We may contact you by emailing you or posting a notice on our Website and you agree that this satisfies all legal requirements in relation to written communications.  You may give us notice by emailing support@symmatix.com.

Certain clauses of these Terms are, by their nature, intended to survive termination of these Terms and will continue in force.  These include, but are not limited to, provisions around intellectual property, confidentiality and liability.

If any part of these terms is, or becomes, illegal, unenforceable, or invalid, that part or provision is deemed to be modified to the extent required to remedy the illegality, unenforceability, or invalidity.  If modification is not possible, the part or provision shall be treated as severed from these terms and the remainder of them shall remain binding.

These Terms set out everything agreed by the parties relating to the Services and supersede or cancel anything discussed, exchanged, or agreed prior to the Start Date.  The parties have not relied on any representation, warranty, or agreement relating to the Services that are not expressly set out in these Terms.

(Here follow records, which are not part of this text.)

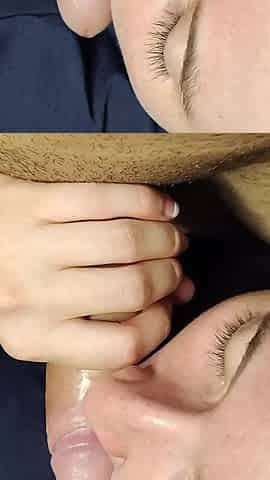 Blowjob Before a Good Night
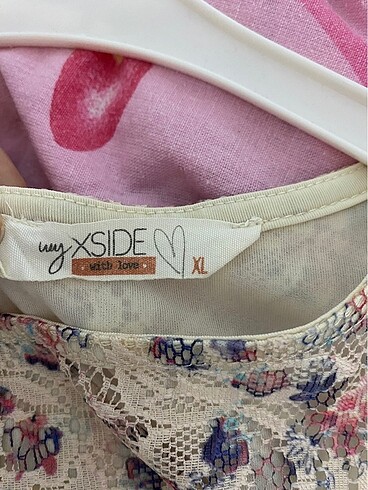xl Beden ten rengi Renk Yazlık elbise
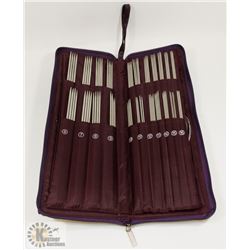 NEW KNITTING NEEDLE KIT.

You may not assign, novate, subcontract, or transfer any right or obligation under these terms without our prior written consent, which shall not be unreasonably withheld.  You shall remain liable for your obligations under these Terms notwithstanding any approved assignment, subcontracting, or transfer.

These Terms, and any dispute relating to them or the Services, are governed by and must be interpreted in accordance with the laws of New Zealand.  Each party submits to the non-exclusive jurisdiction of the Courts of New Zealand in relation to any dispute connected with the Terms or the Services.